I need to get all the prime factors of large numbers that can easily get to 1k bits. The numbers are practically random so it shouldn't be hard. How do I do it efficiently? I use C++ with GMP library.
EDIT:
I guess you all misunderstood me.
What I mean by prime a number is to get all prime factors of the number.
Sorry for my english, in my language prime and factor are the same :)
clarification (from OP's other post):
What I need is a way to efficiently factor(find prime factors of a number) large numbers(may get to 2048 bits) using C++ and GMP(Gnu Multiple Precession lib) or less preferably any other way. The numbers are practically random so there is little chance it will be hard to factor, and even if the number is hard to factor, I can re-roll the number(can't choose though).
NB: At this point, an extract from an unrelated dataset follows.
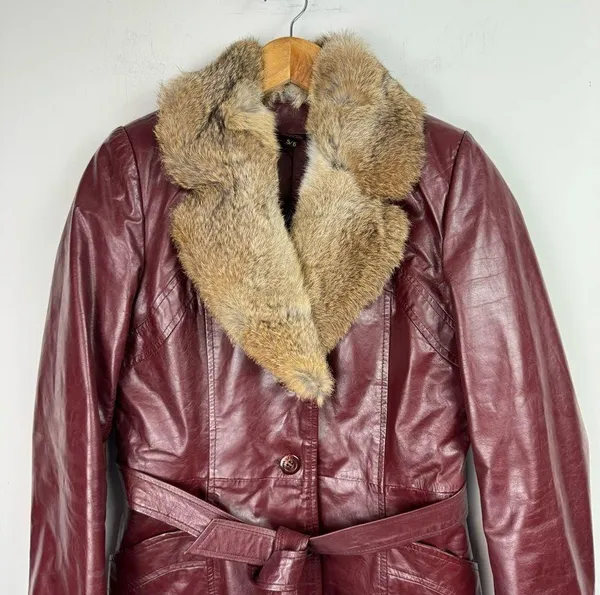 Vintage Leather Rabbitt Fur Trim Trench Tie Jacket Sz 5/6 Maroon Y2K Mob Wife - Image 3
A good start would be some pre-filtering with small primes, say about all primes lower than 100 000 or so. Simply try to divide by every single one of them (create a table which you then load at runtime or have it as static data in your code). It might seem slow and stupid, but if the number is totally random, this will give you some factors very fast with a huge probability. Then look at the remaining number and decide what to do next. If it is quite small (what "small" means is up to you) you could try a primality test (there is something in GMP i think) and if it gives it is a prime, you can in most of the cases trust it. Otherwise you have to factor it further.
If your numbers are really huge and you care about performance, then you definitely need to implement something more sophisticated than just a stupid division. Look at Quadratic Sieve (try wikipedia). It is quite simple but very powerful. If you are up to the chalenge, try MPQS, a variant of the quadratic sieve algorithm. This forum is a good source of information. There are even existing implementations of a tool you need - see for example this.
Note though that numbers with 1k bits are huge by all means. Factoring such a number (even with MPQS or others) might take years if you are lucky and forever if not. I think that MPQS performs well with numbers of about 100-400 bits (if they are composed of two primes almost equally large, which is the hardest case of course).